Texas A&M University photo courtesy Dr. Kevin Conway and Dr. Carole Baldwin, Smithsonian Institution

Kevin Conway, assistant professor and curator of fishes with Texas A&M’s department of wildlife and fisheries sciences at College Station, has published his research at Texas A&M University that documents a new species of clingfish — and a startling new discovery in a second well-documented clingfish. The paper, entitled “Cryptic Diversity and Venom Glands in Western Atlantic Clingfishes of the Genus Acyrtus (Teleostei: Gobiesocidae),” was published May 13 in the PLOS ONE online journal. PLOS ONE is the Public Library of Science’s peer reviewed, open-access scientific journal.

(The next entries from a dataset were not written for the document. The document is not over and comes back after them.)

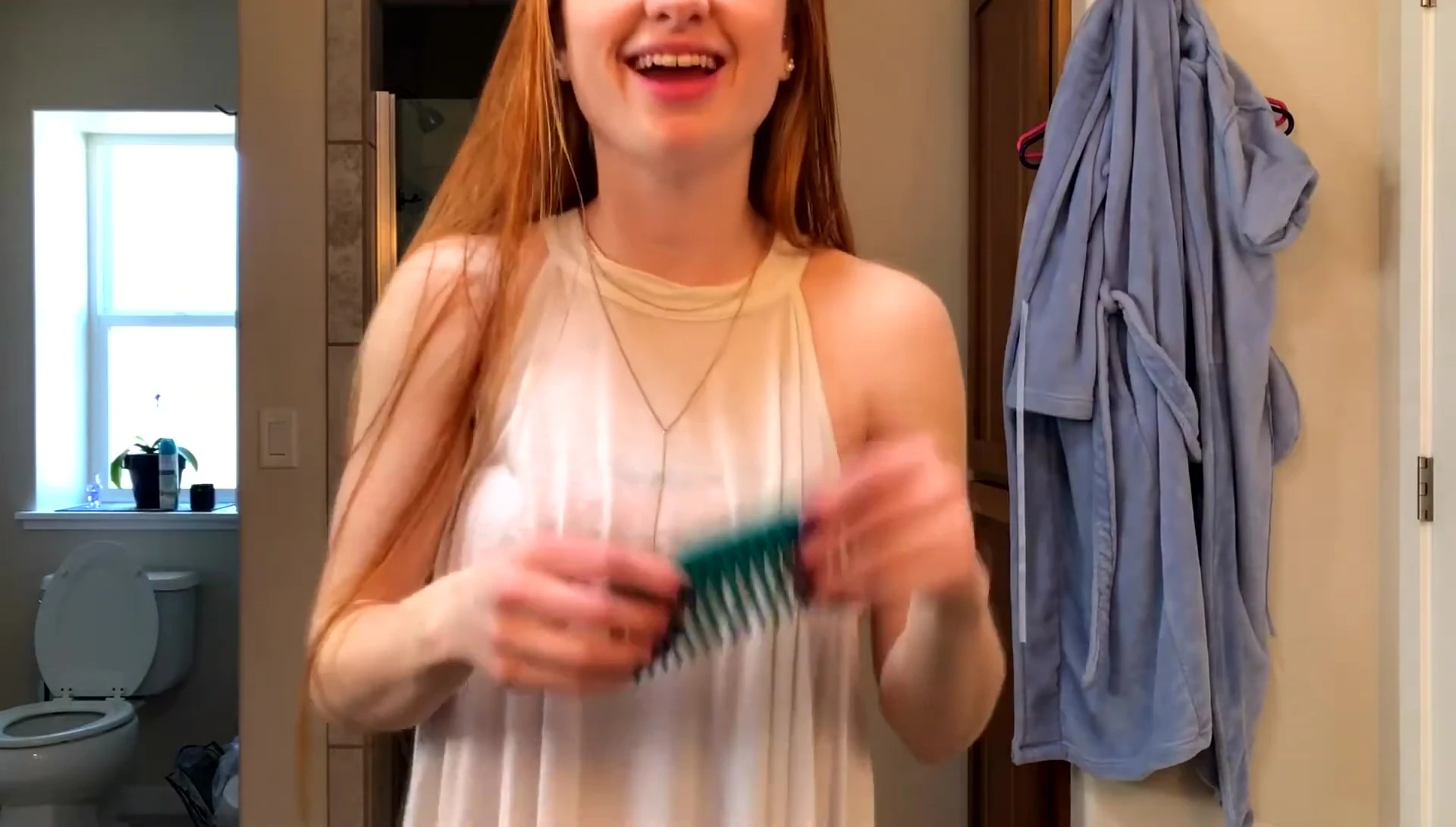 The vlogger using a wide-tooth comb on wet hair.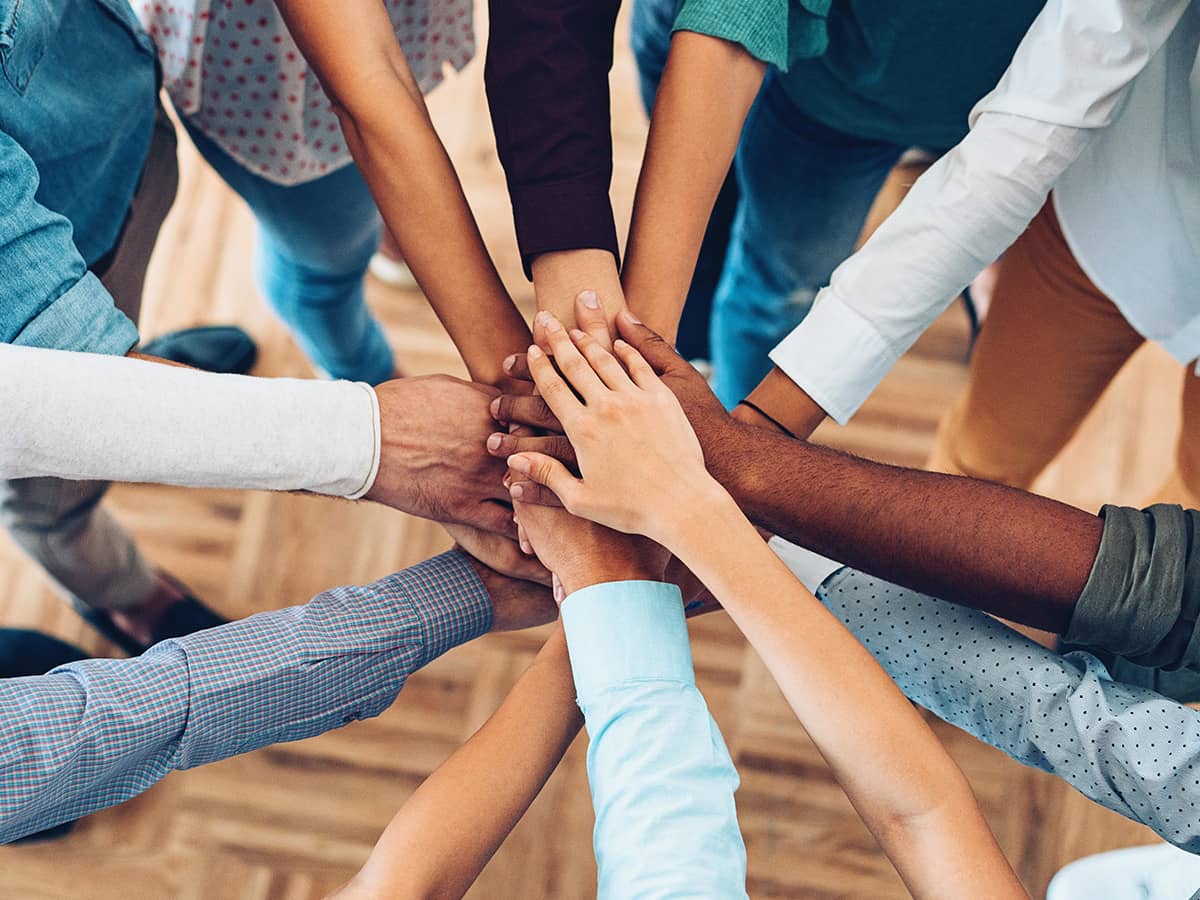 A team of people with their hands together, standing in a circle.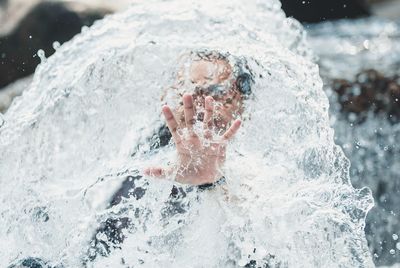 Portrait of man swimming in pool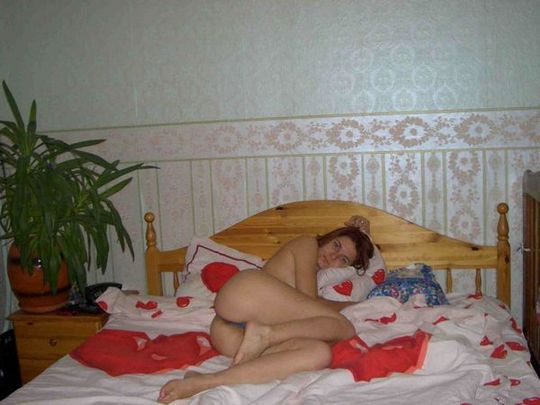 Молодая, русская женщина лежит голая на кровати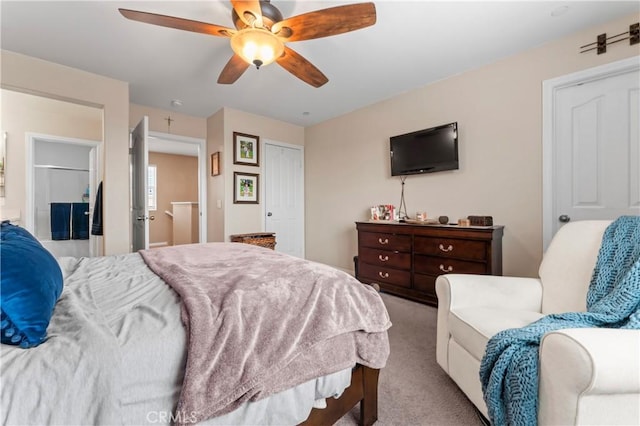 bedroom with carpet and a ceiling fan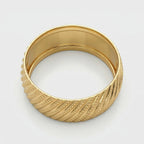 Alyans 18k yellow gold wedding band ring from The Forever Edit collection, featuring an intricate diagonal textured pattern with polished edges, displayed on a pure white background.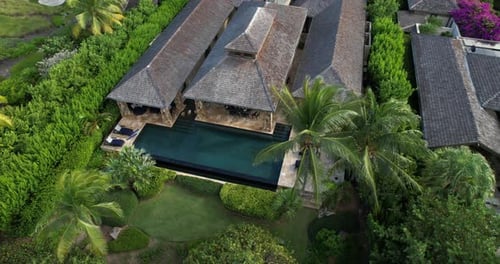 Aerial View of Luxury Villa With Private Swimming Pool in Green Tropical Lush of Exotic Island
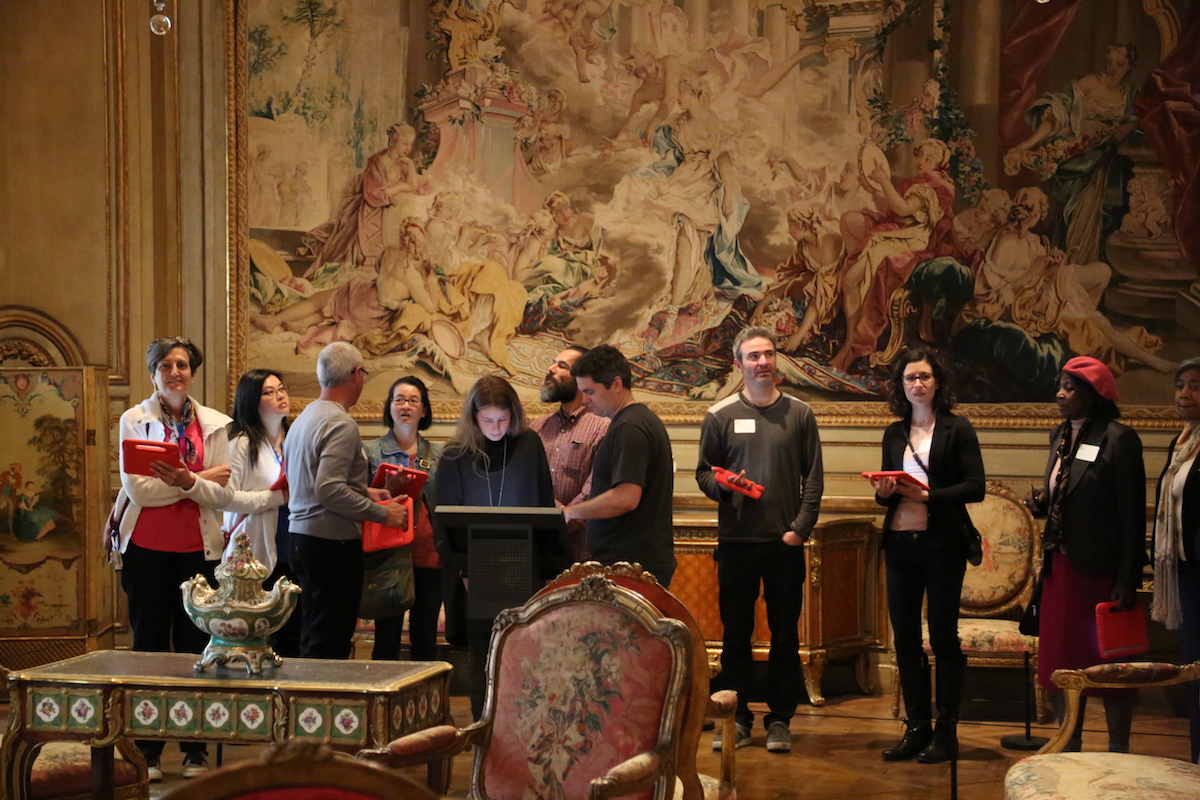 A group, tablets in hand, tours the Philadelphia Museum of Art.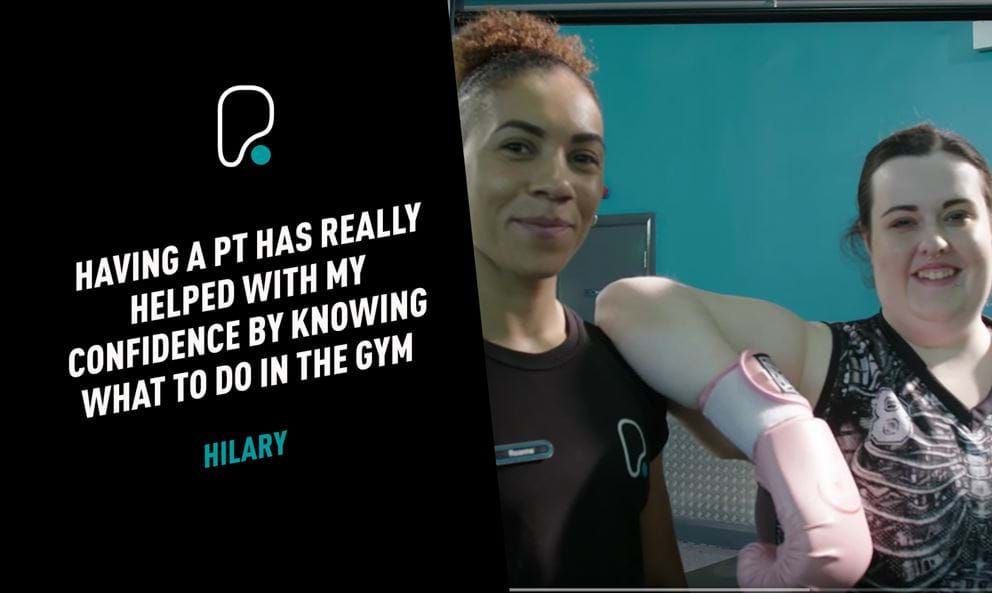 Two women smiling in a gym, one wearing pink boxing gloves and sportswear.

The scientific paper documents the study Conway and his team, including Carole Baldwin, his collaborator at the Smithsonian Institution, and Macaulay White, former Texas A&M undergraduate, have been working on for several years.

“We are excited about the study, because it resulted in not only the discovery of an undescribed species, but also the discovery of a unique venom gland in a group of fishes nobody knew were venomous,” Conway said. “New groups of venomous fishes are not discovered very often, in fact the last such discovery happened back in the 1960s. The shocking thing is that the fishes that possess the venom gland have been known to science for a long time, some for over 260 years, and have been pretty well studied.”